Harris Concedes Presidential Race to Trump After Losing Key States

Harris concedes

Vice President Kamala Harris launched her presidential campaign three months ago. On Wednesday afternoon, her campaign came to an end, unable to overcome Donald Trump’s decisive victories in former Democratic strongholds.

Harris delivered her final campaign speech on the Yard at her alma mater, Howard University, to a crowd with tear-filled eyes. As she often did on the campaign trail, Harris entered to the sound of Beyoncé’s “Freedom.” This time, the lyrics “a winner don’t quit on themselves” resonated differently.

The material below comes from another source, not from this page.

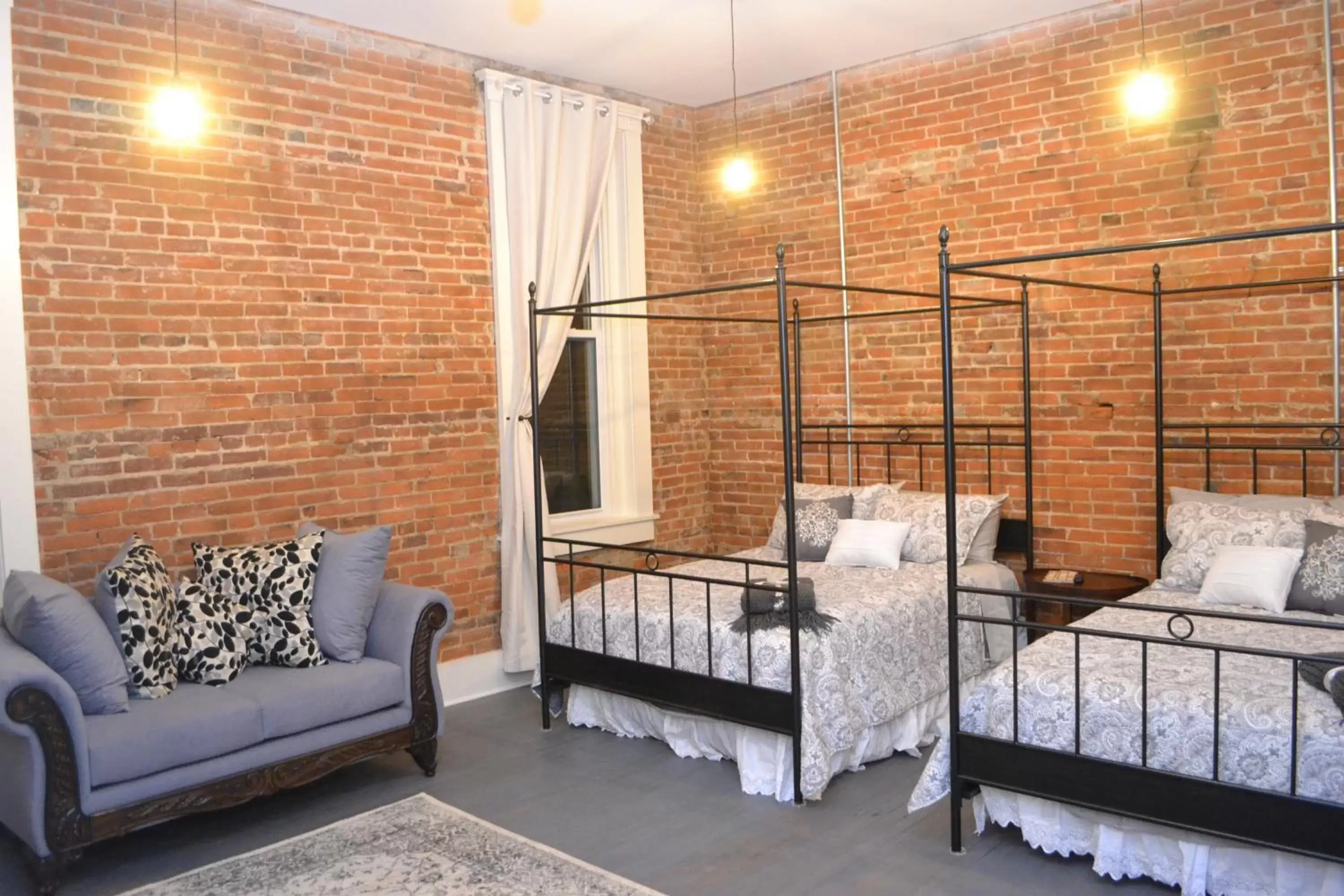 Bed in Eighteen-Ninety Sleepover Bed in Eighteen-Ninety Sleepover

As Harris spoke, the crowd’s energy was dampened by the stinging defeat. 

“My heart is full today,” Harris told her supporters, many of whom had gathered in the same spot in front of Frederick Douglass Memorial Hall the night before, hoping for a different outcome. Someone in the crowd shouted, “We love you!” and Harris replied, “I love you back!”  She went on to say that she is “full of love for our country and full of resolve.” She said she is “so proud” of the race she ran “and the way we ran it.”

Harris had hoped to deliver a victory speech, not a concession, but she said she was willing to accept the outcome, and she expected everyone else to do the same. Harris drew a contrast to Trump’s reaction to his defeat to Joe Biden in 2020. Trump refused to accept his loss and incited a violent riot at the Capitol on Jan. 6, 2021, in an attempt to overturn the results. “I know folks are feeling and experiencing a range of emotion right now—I get it,” Harris said with a small smile, acknowledging the emotional toll the campaign had taken. When she mentioned Trump had won the election, boos rippled through the crowd. “We must accept the results,” Harris said. 

Harris emphasized that she and President Joe Biden will engage in a “peaceful transfer of power,” which she described as an act that “distinguishes democracy from monarchy or tyranny.” In a pointed criticism of Trump’s public demands for loyalty from his staff, Harris said that Americans “owe loyalty not to a President or a party, but to the Constitution of the United States.”

Harris insisted that while the campaign was over, her work wasn’t done. “While I concede this election, I do not concede the fight that fueled this campaign,” she said. She pledged to continue working to ensure women “have the freedom to make decisions about their own body” and fight for rule of law and equal justice.

She implored Americans to treat “one another with kindness and respect” and “use our strength to lift people up.”

She wanted children watching to know that “it is going to be ok.” She said that her campaign chant, “when we fight, we win,” is still true. But, she added, “sometimes the fight takes a while–that doesn’t mean we won’t win.”

The crowd listened intently but lacked the vibrant energy that had marked many of her rallies during her three-month campaign. She had filled arenas with people chanting “We’re not going back,” and crowds eager to hear her describe how, as an attorney general in California, she’d prosecuted predators, fraudsters, and cheaters, leading to her punchline: “I know Donald Trump’s type.”

Her central pitch to voters, that she’d “turn the page” on Trump and work to protect access to abortion and lower costs for middle-class families, didn’t resonate. Her message was overshadowed by Trump’s inflammatory descriptions of immigrants and criminals, his attacks on critics as the “enemy within,” and his insistence that only he could fix the country’s high prices and immigration challenges.

In parting, Harris said she wanted to leave the crowd with a reminder of an adage that says “Only when it is dark enough can you see the stars.” Harris said she knows people feel the country is “entering a dark time” and she hopes that is not the case. “If it is, let us fill the sky with the light of a brilliant, brilliant billion of stars.”